她感受到手腕上的温度,向下看去,那只手骨节分明,匀称好看。向上看去,是一张少年人的脸。
雨珠落在他长长的眼睫上,如蛛丝缠绕。雨水顺眼角滑下,流过脸颊,湿润了嘴唇。
他的头发上衣服上都沾了雨。雨越下越大,打在尘土上溅起一朵朵带色的水花。
见到清月,他满眼关切,满足地笑起来∶“刚才望见身影就觉得熟悉,没想到真是你。”
是他,今日见过,那个叫什么的天师。
“这码头方圆几里没有遮蔽物,先到船里避雨吧。你也是初到国都,人生地不熟,染上风寒可不好。”
她站在雨中,目光有些茫然,思绪都被雨水冲刷干净。他拉起她冰冷的手,一阵冷风吹来,夹着雨点。
雨水在她脚下汇成一个个小水洼,泥泞里倒映着两个身影。空气中的清新味道,让她的心情逐渐平静下来。

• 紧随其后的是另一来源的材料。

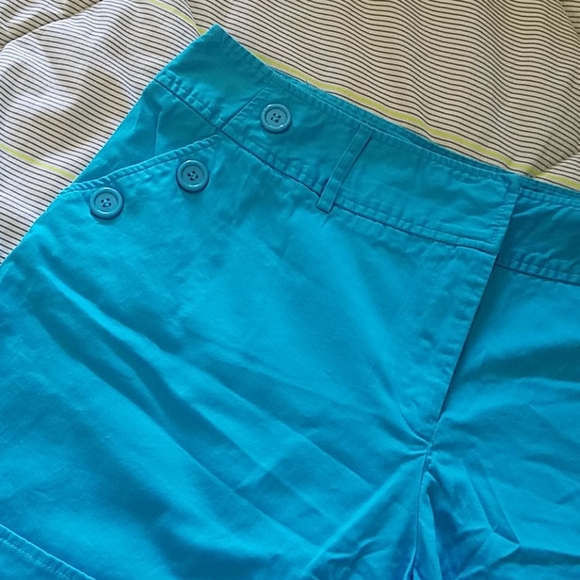 Courtenay 20W Shorts - Picture 2 of 4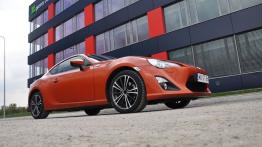 Toyota GT86 Coupe 2.0 Boxer 200KM - galeria redakcyjna - prawy bok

到了船上,他马上松开她的手,一脸歉意∶“抱歉,一时情急,失礼了。”
清月没有多的神色,坐了下来∶“水面涨起来,你这船若是不小心冲到什么地方,可比感染风寒严重吧。”
“说得在理,我没想到这方面。”
周围的一切仿佛变得模糊,只有雨水滴落的声音和静静的呼吸声。
雨像与何人作对似的,很快停了,而这时船外的天色也黑了。
酒鬼张一桨划开水面。
明霄站起来∶“等等,青衣姑娘还没打算要去。”
清月∶“我本是要去的。”
夏侯明霄观察她的神色,确认没有勉强后才坐了下来。
酒鬼张哈哈大笑∶“此情此景,不禁想吟诵一首。”
明霄诧异∶“船家会吟诗?”
“不仅会吟,还会唱咧。我见月也好,风也好,这就给你们唱一首。”酒鬼张自豪地拍拍胸脯,唱了起来∶“明明明月是前身,回头成一笑,清冷几千春。照彻大千清似水,也曾照彻微尘。”